**How to complete this task:**
Before printing, remove every picture; then print the lines below exactly, from the first line through the line containing "Photo CZ: Toshiba".

[Supplied data — start]

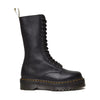 Dr. Martens 1B99 Quad stivaletti donna in Pelle Pisa — vista laterale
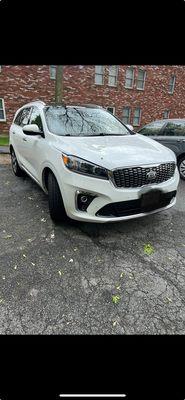 Kia Sorento SUV SX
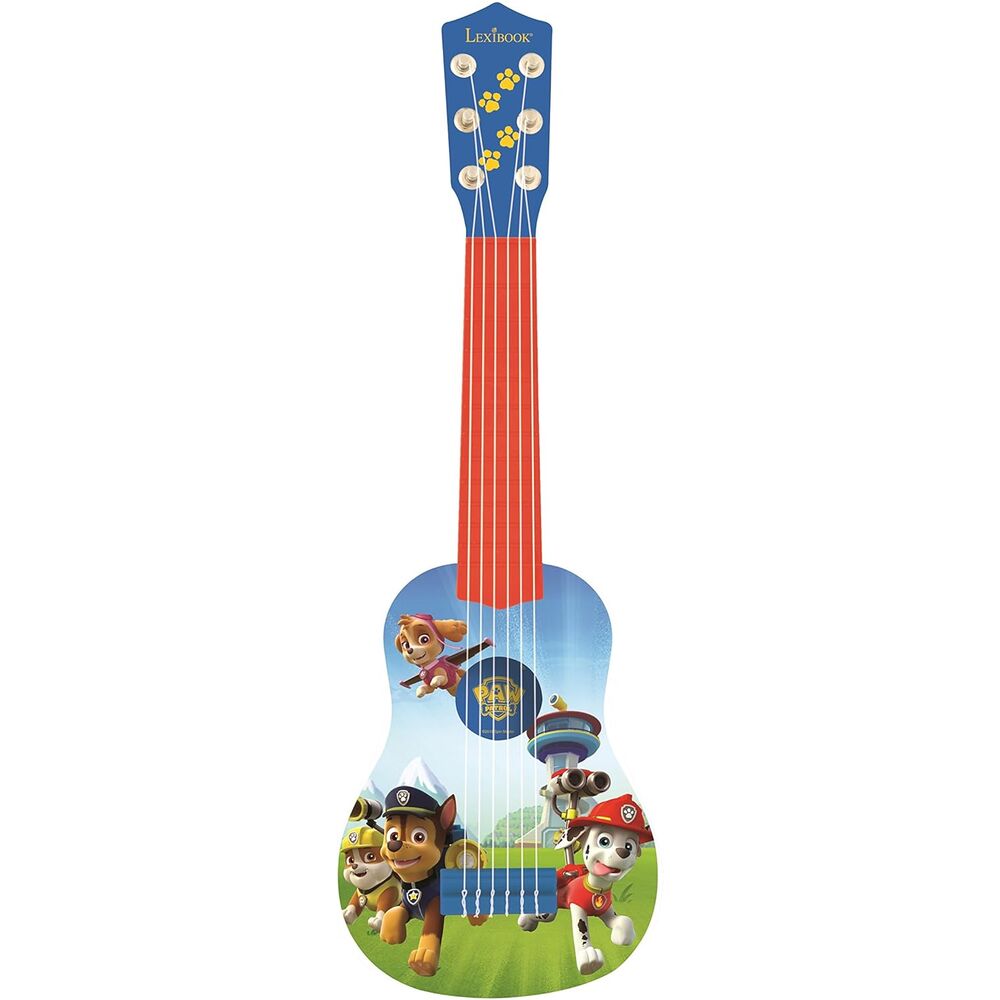 Imagen 2 - Guitarra Patrulla Canina Paw Patrol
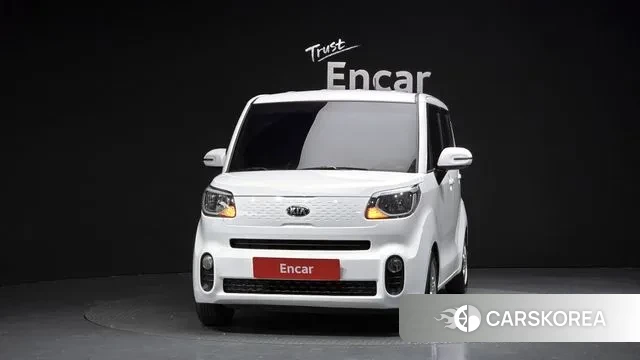 Kia The New Ray id 3489516 из Кореи 13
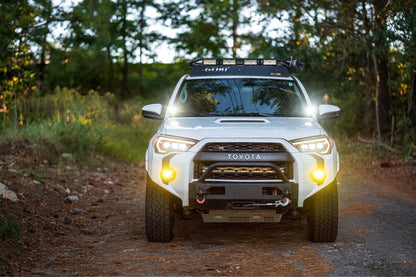 4Banger Fog Lights: 16-22 Tacoma (NCS Yellow Spot Beam)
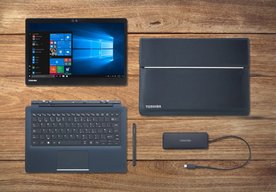 Photo CZ: Toshiba predstavuje najnovšiu odnímateľný notebook 2v1 kombinujúce výkon a eleganciu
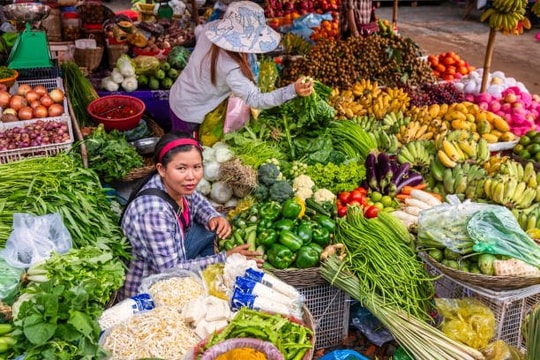 Sau quyết định cứng rắn với Thái Lan, quan chức Campuchia lo ngại "có thể thiếu hụt ở 7 tỉnh biên giới"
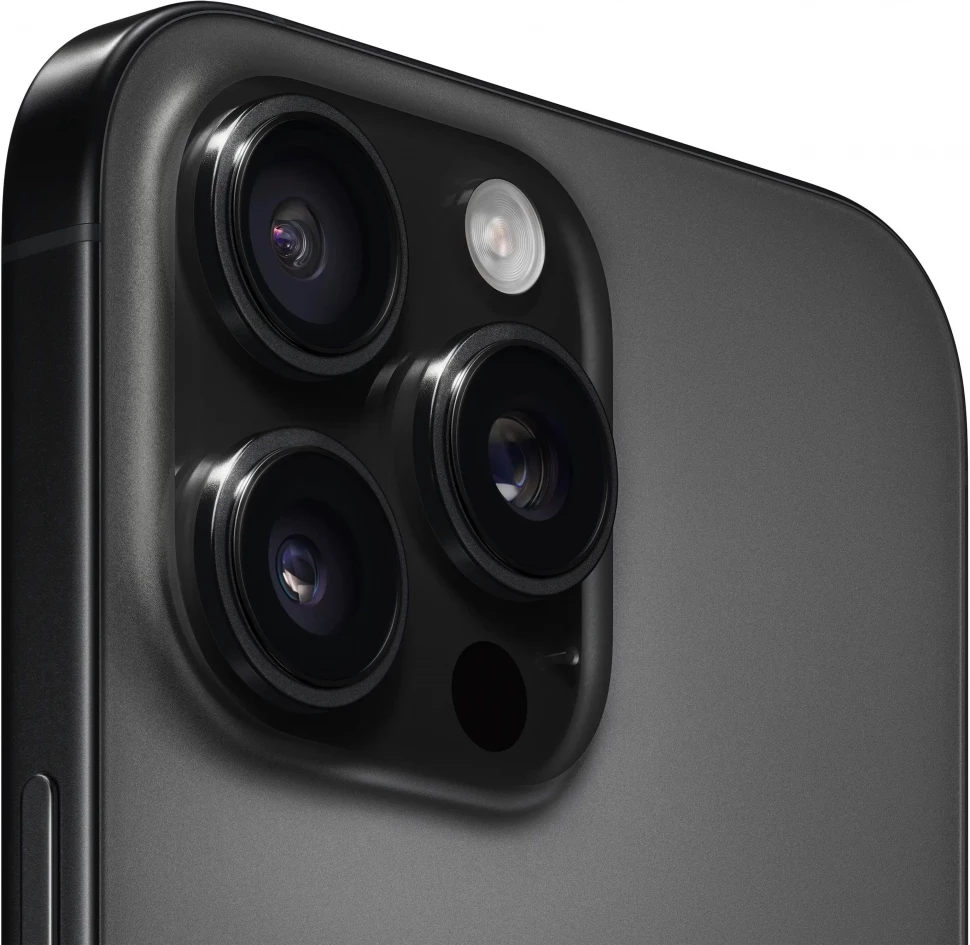 Смартфон Apple iPhone 16 Pro Max Черный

[Supplied data — finish]

**Exercise result:**
 Dr. Martens 1B99 Quad stivaletti donna in Pelle Pisa — vista laterale
 Kia Sorento SUV SX
 Imagen 2 - Guitarra Patrulla Canina Paw Patrol
 Kia The New Ray id 3489516 из Кореи 13
 4Banger Fog Lights: 16-22 Tacoma (NCS Yellow Spot Beam)
 Photo CZ: Toshiba predstavuje najnovšiu odnímateľný notebook 2v1 kombinujúce výkon a eleganciu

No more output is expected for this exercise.